Assessed Coursework MA407
Algorithms and Computation
due: Monday 10 February 2020 at 14:00
Instructions
The tasks on the following pages describe your assessed coursework, which constitutes 25% of
the final mark for this course.
It is due on Monday 10 February 2020 at 14:00 (start of week 4 of Lent Term 2020). The tasks
ask you to complete up to 4 Java files in plain text format. Make sure that your files compile on
LSE computers, without the loading of any external Java packages.
Submit the two files Graph.java and Tree.java, plus up to two additional files with further
public classes that you may need, on the Moodle page for MA407 under the submission link in
the Assessed Coursework section.
Make sure that each of your files contains your candidate number (not your student number;
see below).
Please submit only a single final version of your files.

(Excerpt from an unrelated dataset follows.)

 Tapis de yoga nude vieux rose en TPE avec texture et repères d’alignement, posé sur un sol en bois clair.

Otherwise you risk that the wrong
submission will be marked.
The deadline is sharp. Late work carries an automatic penalty of 5 deducted marks (out of 100)

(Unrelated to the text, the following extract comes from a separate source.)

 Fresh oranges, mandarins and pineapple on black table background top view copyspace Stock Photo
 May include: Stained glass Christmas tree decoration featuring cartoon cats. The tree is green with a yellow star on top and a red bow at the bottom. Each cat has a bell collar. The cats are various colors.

for every 24 hours that the coursework is late.
Submission of answers to this coursework is mandatory. Without any submission your mark
for this course is incomplete, and you may not be eligible for the award of a degree.

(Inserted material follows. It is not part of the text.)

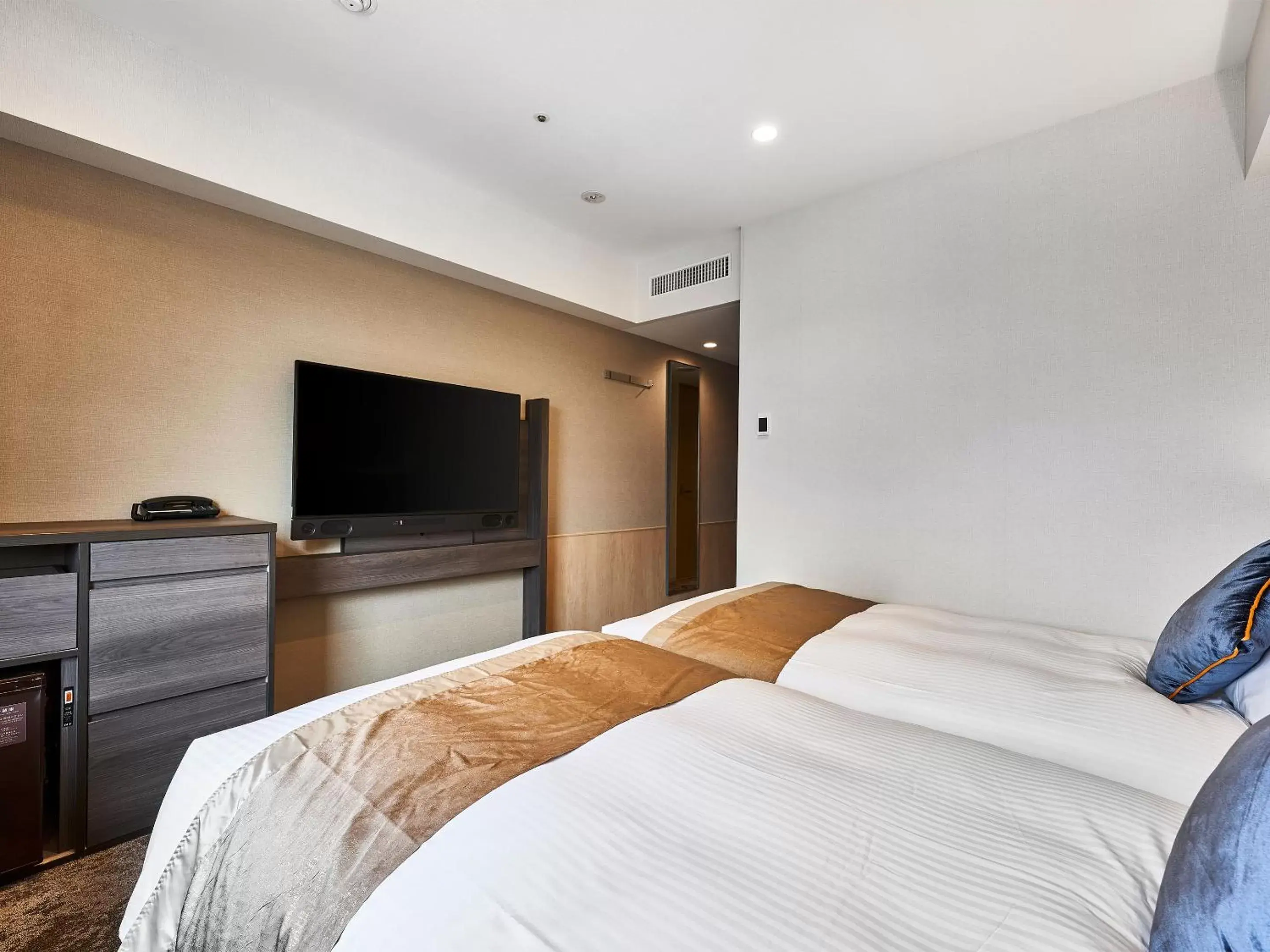 Bed in DEL style Osaka-Shinsaibashi by Daiwa Roynet Hotel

The work should be yours only. Plagiarism is considered an assessment offence at the LSE and
is, as an instance of academic misconduct, taken very seriously. In a case of suspected plagia-
rism, the Department will act according to the School’s Regulations on Assessment Offences—
Plagiarism. So only submit work that is solely your own. This also means that for developing
your solutions you are not allowed to collaborate with other students or to ask other persons
for help.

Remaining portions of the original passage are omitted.